> [PROBLEM DETAILS]: Among the records below, determine how many lines have the word "venda" in them; output only the number.

Stored items
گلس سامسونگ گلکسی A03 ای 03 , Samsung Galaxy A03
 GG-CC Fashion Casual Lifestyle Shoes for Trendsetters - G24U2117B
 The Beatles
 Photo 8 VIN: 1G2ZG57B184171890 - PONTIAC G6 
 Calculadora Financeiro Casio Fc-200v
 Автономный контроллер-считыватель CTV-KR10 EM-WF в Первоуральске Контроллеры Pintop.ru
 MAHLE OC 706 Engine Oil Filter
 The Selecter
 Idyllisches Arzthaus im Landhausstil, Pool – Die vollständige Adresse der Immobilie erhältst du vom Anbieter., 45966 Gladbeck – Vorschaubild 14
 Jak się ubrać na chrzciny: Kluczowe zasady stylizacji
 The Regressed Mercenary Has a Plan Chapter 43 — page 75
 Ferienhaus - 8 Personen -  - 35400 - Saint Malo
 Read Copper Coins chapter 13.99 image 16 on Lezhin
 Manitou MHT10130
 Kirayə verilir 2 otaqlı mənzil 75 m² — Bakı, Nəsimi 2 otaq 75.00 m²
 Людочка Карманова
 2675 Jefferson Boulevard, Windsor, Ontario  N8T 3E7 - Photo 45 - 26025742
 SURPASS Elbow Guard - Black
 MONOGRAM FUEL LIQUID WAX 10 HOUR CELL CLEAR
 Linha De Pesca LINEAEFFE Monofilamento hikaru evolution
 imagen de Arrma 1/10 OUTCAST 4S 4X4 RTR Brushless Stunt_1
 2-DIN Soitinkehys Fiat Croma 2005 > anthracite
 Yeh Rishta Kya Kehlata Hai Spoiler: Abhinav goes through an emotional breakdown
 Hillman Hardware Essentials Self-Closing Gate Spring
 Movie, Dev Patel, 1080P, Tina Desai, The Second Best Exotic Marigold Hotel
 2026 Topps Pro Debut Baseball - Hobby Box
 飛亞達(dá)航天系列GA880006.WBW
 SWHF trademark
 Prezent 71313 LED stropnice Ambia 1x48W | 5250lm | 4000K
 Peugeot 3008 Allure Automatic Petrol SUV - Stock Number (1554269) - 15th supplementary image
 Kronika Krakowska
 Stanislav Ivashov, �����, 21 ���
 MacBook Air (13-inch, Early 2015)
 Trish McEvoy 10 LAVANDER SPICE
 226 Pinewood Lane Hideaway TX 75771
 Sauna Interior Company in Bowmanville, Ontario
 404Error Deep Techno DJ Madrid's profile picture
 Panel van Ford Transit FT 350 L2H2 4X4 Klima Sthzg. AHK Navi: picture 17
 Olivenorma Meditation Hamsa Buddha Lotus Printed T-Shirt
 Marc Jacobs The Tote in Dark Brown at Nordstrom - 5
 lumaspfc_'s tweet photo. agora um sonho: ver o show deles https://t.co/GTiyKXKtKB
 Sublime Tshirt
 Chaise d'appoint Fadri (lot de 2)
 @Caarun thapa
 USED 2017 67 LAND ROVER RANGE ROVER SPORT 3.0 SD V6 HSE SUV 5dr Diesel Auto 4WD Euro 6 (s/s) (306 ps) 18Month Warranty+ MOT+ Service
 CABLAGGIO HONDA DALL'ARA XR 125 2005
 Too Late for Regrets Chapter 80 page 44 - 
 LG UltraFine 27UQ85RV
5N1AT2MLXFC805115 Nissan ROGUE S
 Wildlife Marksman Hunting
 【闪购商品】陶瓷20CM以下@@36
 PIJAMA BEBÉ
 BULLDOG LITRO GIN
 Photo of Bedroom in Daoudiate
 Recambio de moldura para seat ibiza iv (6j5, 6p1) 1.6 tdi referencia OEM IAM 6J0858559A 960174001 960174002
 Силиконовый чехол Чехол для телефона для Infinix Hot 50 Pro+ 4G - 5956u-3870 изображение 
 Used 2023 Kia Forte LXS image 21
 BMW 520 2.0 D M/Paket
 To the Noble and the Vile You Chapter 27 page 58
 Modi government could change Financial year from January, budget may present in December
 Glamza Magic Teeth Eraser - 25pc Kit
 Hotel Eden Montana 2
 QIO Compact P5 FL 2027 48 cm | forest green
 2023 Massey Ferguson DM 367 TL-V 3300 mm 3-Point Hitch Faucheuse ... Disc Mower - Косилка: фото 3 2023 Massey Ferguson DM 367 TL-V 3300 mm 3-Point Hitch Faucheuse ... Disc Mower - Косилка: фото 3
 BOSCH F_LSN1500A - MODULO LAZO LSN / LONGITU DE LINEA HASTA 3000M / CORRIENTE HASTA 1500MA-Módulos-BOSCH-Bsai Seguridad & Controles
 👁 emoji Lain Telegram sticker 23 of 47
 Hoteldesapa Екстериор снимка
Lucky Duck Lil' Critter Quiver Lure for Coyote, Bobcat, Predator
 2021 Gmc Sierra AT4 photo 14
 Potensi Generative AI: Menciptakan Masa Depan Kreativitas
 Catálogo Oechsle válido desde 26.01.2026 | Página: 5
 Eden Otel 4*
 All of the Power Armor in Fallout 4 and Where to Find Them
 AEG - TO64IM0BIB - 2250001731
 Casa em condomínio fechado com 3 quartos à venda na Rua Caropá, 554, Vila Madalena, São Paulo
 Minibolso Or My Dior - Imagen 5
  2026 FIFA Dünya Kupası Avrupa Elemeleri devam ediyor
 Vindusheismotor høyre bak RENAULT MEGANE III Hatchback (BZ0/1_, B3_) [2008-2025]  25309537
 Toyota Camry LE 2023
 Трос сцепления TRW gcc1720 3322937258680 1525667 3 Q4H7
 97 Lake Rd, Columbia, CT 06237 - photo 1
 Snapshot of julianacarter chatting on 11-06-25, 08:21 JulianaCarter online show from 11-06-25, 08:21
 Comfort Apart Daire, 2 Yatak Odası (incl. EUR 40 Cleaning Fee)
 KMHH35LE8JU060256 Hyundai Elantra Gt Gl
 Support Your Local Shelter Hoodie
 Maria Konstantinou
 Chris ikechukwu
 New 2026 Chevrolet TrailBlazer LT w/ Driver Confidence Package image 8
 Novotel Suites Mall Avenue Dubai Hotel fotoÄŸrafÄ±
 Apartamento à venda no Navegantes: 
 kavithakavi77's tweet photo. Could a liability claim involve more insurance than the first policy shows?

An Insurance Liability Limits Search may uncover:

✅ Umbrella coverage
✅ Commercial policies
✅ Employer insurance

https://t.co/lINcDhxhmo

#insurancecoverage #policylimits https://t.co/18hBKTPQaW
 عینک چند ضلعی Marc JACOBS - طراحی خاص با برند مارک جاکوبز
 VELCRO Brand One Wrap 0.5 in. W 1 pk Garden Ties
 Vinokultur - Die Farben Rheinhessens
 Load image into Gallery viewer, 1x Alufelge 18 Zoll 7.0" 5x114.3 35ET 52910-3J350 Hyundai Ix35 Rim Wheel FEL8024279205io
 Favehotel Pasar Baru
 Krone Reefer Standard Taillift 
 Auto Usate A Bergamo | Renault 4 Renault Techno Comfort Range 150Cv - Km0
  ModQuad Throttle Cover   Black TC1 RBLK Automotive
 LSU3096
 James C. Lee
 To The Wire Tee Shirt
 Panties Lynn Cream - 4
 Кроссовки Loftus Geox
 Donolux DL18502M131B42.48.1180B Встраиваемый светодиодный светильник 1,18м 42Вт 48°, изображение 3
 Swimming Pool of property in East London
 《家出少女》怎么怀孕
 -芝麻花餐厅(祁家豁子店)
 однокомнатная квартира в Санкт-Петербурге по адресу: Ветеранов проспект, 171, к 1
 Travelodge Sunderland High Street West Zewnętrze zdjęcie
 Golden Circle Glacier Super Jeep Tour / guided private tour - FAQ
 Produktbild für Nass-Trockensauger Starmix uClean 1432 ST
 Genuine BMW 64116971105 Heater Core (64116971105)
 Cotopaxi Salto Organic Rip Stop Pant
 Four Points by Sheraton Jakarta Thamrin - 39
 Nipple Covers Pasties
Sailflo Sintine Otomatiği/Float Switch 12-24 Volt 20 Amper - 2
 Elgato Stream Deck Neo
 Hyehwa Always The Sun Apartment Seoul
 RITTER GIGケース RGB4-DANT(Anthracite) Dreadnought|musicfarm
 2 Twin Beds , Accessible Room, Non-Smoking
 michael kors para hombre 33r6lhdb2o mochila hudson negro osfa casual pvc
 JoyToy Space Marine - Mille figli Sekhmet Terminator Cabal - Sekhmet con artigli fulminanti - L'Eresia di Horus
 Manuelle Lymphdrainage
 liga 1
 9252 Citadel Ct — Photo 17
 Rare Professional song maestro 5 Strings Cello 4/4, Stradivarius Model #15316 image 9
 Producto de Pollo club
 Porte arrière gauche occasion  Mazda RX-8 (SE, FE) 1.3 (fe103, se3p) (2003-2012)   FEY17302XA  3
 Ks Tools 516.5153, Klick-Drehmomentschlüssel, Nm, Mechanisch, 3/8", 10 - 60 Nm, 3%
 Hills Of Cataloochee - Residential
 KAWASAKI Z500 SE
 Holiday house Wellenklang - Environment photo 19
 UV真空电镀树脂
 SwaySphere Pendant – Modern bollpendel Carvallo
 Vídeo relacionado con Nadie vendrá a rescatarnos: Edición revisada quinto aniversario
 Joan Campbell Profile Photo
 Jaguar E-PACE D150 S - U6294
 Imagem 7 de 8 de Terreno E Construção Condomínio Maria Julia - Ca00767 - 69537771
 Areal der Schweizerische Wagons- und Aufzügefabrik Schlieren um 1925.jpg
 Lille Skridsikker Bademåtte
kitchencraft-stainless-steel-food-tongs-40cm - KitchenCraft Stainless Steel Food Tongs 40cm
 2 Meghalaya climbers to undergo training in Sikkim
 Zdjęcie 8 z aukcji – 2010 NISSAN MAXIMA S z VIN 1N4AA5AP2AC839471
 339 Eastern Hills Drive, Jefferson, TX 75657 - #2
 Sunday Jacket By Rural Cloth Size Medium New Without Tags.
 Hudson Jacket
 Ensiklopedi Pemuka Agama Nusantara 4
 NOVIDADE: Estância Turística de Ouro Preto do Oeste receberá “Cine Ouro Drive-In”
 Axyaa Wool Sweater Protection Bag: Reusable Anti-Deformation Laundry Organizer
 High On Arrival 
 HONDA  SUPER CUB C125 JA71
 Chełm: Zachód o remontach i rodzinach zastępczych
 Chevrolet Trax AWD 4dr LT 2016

> [ANSWER SPACE]: 2